By Francis Kagolo in Arusha
The continued imposing of non-tariff barriers (NTBs) by the East African Community (EAC) member states is limiting the growth of the private sector and slowing down integration, experts have said.
The East African Business Council (EABC) on Friday urged EAC member states to accept to open up and work as one entity if the region is to develop and overcome challenges of unemployment.
The EABC chairman, Vimal Shah, said the spirit of individualism among member states not only hampers foreign direct investments, but also disables the growth of businesses in the region.
“We have a population of 130 million people in east Africa with a GDP of $90b. We need to create more jobs to increase our GDP to more than $100b,” Shah said.

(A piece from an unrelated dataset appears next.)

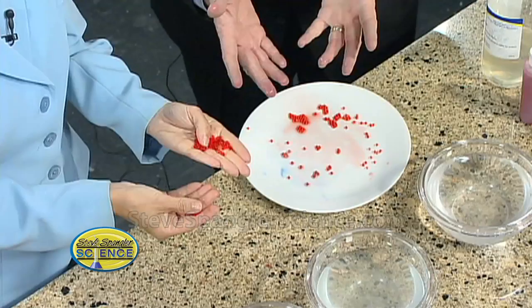It looks like caviar, doesn't it? How would I give you caviar? Of course I wouldn't. This is a trend called molecular gastronomy.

“Nothing is stopping us from reaching there apart from ourselves and our mistrust. The private sector is becoming impatient in terms of implementing EAC agreements.”

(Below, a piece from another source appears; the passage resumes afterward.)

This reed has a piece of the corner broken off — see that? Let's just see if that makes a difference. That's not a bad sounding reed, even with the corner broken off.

He was speaking at the opening of the 15th EABC annual general meeting at the East Africa Hotel in Arusha, Tanzania.
Established in 1997, the EABC is the apex body of business associations of the private sector and corporate from Uganda, Kenya, Tanzania, Burundi and Rwanda, the five member countries of EAC.
It focuses on informing public policy reforms aimed at promoting an environment in the region conducive to business formation and growth.

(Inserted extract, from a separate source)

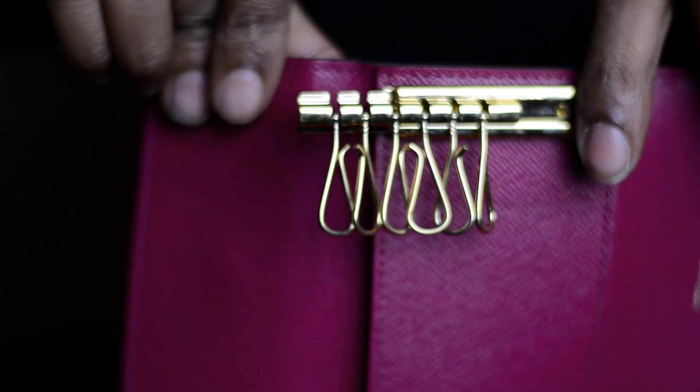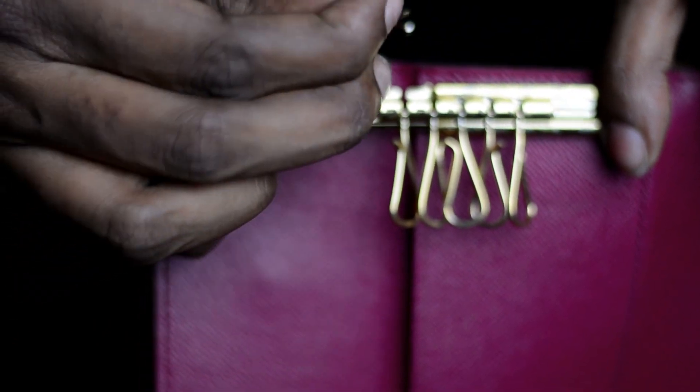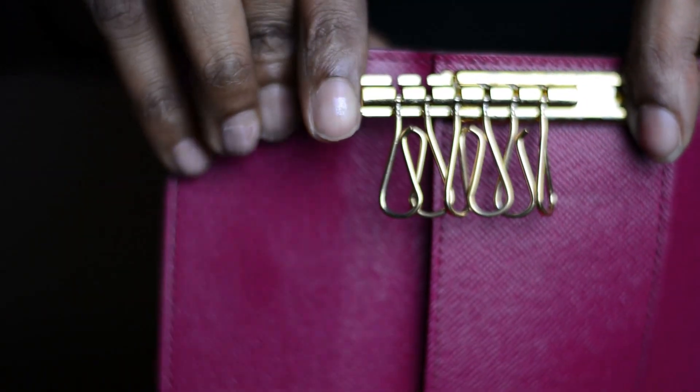Another valid point about this item is that on the top part where the brass rings are, you're able to actually slide that bar across and remove the individual key rings. This is really nice when placing your keys on there for the first time — you don't have to try to manipulate the holder to get keys in. You can take each ring off one by one, put your key on, and then just place them right back in the center top part.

Intra-EAC trade has expanded from $1,617.1m to $3,800.7m in 2010, while the growth informal cross-border trade has been estimated to be as much as 40% of formal trade.
But EABC argues that greater achievements of the integration are hampered by the different measures taken by governments in form of laws, regulations, policies, conditions and restrictions that protect the domestic industries from foreign competition.
The 2004 Community Customs Union and the 2009 Common Market protocols, already ratified all the five member states, provide for the free movement of labour and goods within the region to spur trade liberalisation and development.
Shah said he had met many investors especially in Europe who would be willing to invest in east Africa but are let down by the enormous non-tariff barriers.
He also cited the failure by member states to market east Africa as a single block other than their individual countries as another impediment to foreign investments.
Olive Kigongo, president of the Uganda Chamber of Commerce and Industry, decried the delay by member states to rid east Africans of the need to apply for work permits to get employed there.
She said that save for Rwanda, which has removed the requirement for work permits, other member states are yet to implement the EAC condition.
“We need to talk less and work more. We need to implement the policies we come up with,” Kigongo said in an exclusive interview.
“The free flow of services needs to be expedited. As private sector we are becoming impatient. Let us allow free movement of labor, if we get problems along the way we will address them as a region not independently,” Shah added.
Besides EAC protocols, the East African Legislative Assembly (Eala) has also passed a series of legislations which call for harmonisation of trade in the partner states, but with such non-tariff barriers, trade movement remains a challenge in the region.
The World Bank Doing Business 2013 report highlighted NTBs as one of the key challenges the region is faced with. Besides NTBs, inadequate infrastructure and bottlenecks, particularly roads, railways and energy have also hindered progress in a number of ways.